# Hi!



## _Willow_ (Jul 6, 2011)

Lol i suck at this and my actual age is not 13 it was just for the fursona


----------



## Ozriel (Jul 6, 2011)

Wha?
What is this?
I'd....wow...I cannot say much to this except maybe exposure to FAF will add a bit more "Flavor" to your character.


----------



## Gavrill (Jul 6, 2011)

First off, stop what you're doing and look around the topics before you post.
Now then.



_Willow_ said:


> Name: (Night) Willow


Ohh boy.


> Age: 13


I can tell.


> Species: Feline Kibura


Oh so a cat


> Height: 6"3'
> Weight: 225 lb


and thirteen?



> Appearance:
> - Hair and fur: Blond Hair with Tan Fur
> - Markings: Scar on Right Arm
> - Eye color: Royal Blue
> - Other features: Muscular


how descriptive



> Behavior and Personality: Nice to everyone and easy going with a sense of humor.

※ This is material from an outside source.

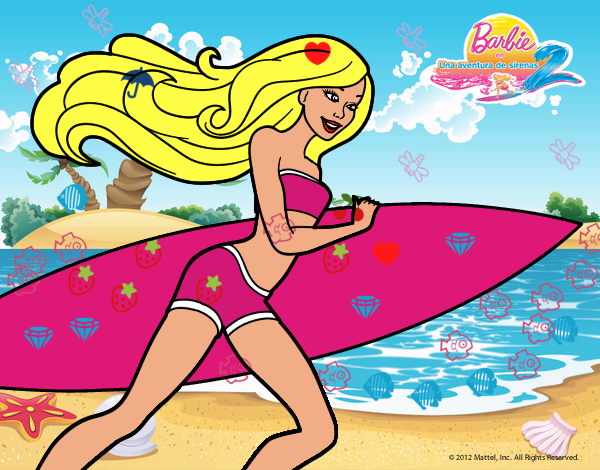 Barbie corre al agua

to _everyone_? let's see 'bout that



> Skills: Very Good Hunter but is also a Writer


oh please no more noble savage things today



> Weaknesses: Sometimes rowdy


Not a weakness.



> Likes: Sports, Running, Swimming, and the beach.


okay i can dig this



> Dislikes: Furry Haters (Want to tear them to bits)


haha what seriously
I bet you scream troll when people disagree and want to come out as a furry too.

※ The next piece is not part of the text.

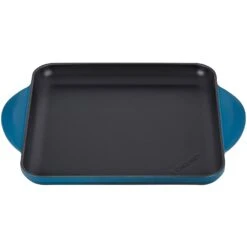 Le Creuset Enamaled Cast Iron Square Griddle, 9.5", Deep Teal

> History: Raised in the Mountains, had a hard life, taught the ways of the Night Hunters, but still turned out a generally likable person.


Substance, please. What mountains? What's a Night Hunter? Why did he turn out okay? Why this thread? WHY ANYTHING.



> Clothing/Personal Style: Boardshorts or Jeans and is mostly topless.


"Night Hunter" clothing for sure 



> Picture:


Is this your image or did you take it off the net? If you took it off the net you need to ask the artist's permission to use it as a representation. 



> Goal: Become friends with all the furrys and explore the world.


Too bad most of the furries here are dicks?



> Profession: Athlete


I thought he was a "Night Hunter"?



> Personal quote: "A can't just sit around all day jerking off"


fixt



> Theme song: "Stronger" By Kayne West


i am trying really hard to let this slide. 



> Favorite food: Flaming Hot Cheetos


Night Hunter and athlete food of champions 



> Least liked food: Vegetables
> Least liked drink: Vegetables Juice


What a terrible athlete. Perfect thirteen year old though.



> Favorite person: Jim Bacon (Bacon!!! ^.^)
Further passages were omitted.